Instructor: Ajay Singh Chaudhary
This is an online course (Eastern Time)

“The specific distinction to which political motives can be reduced is that between friend and enemy.” With this claim, Carl Schmitt outlined one of the most incisive understandings of political thought in modern times, a theory of politics as something distinct from questions of morality (good or evil) or aesthetics (beauty and ugliness). In recent decades, there has been a resurgence of interest in the work of the Nazi jurist and political theorist. From neoconservative doctrines of the “unitary executive” to strands of leftist thought, Schmitt’s ideas have found new purchase in our contemporary political landscape. On the right—where Schmitt’s influence is most evident in the explosion of his ideas in legal arguments and briefs since the beginning of the “War on Terror”—his ideas erect a legal scaffold for an absolute hierarchical political order in which decisive executive action and order organize a powerful state apparatus.

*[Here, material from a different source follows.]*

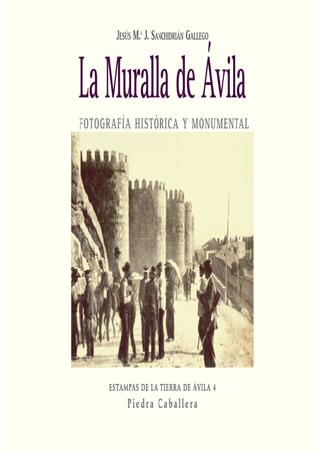 Imagen de portada del libro La muralla de Ávila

On the left, disparate thinkers like Giorgio Agamben, Chantal Mouffe, Antonio Negri, and many other “Left-Schmittians” are drawn to Schmitt’s clear demarcation of “the political” as the site where an existential enemy is defined against whom violence is possible. But nearly all share a fascination with Schmitt’s unique contribution to modern political theory: drawing on often-neglected strands of Counter-Enlightenment thought and medieval Christian theology, Schmitt articulated one of the most thorough and cogent non-Marxist critiques of the liberal order. How can we understand Schmitt’s conception of politics, sovereignty, and conflict? And, what might Schmitt’s work offer as we think about politics and political action today?

In this class, we will read several of Schmitt’s key works in their entirety, including The Concept of the Political, Political Theology, and The Crisis of Parliamentary Democracy, as well as key selections from later thinkers influenced by Schmitt, including Agamben, Mouffe, and Negri. We will explore questions such as: what is “the political”? What is sovereignty? What is enmity and what is war? Why do we have a state? What are the boundaries between politics and reason? Students will study key documents in the so-called [Walter] “Benjamin/Schmitt Dossier” and explore Schmitt’s influence on Frankfurt School thinkers like Otto Kirchheimer and Franz Neumann. Finally, we will ask: what, if anything, does Schmitt’s work have to say about our present political condition?

Course Schedule

Tuesday, 6:30-9:30pm EST
April 13 — May 04, 2021
4 weeks

$315.00

Registration Closed

Please email us to be placed on the waiting list.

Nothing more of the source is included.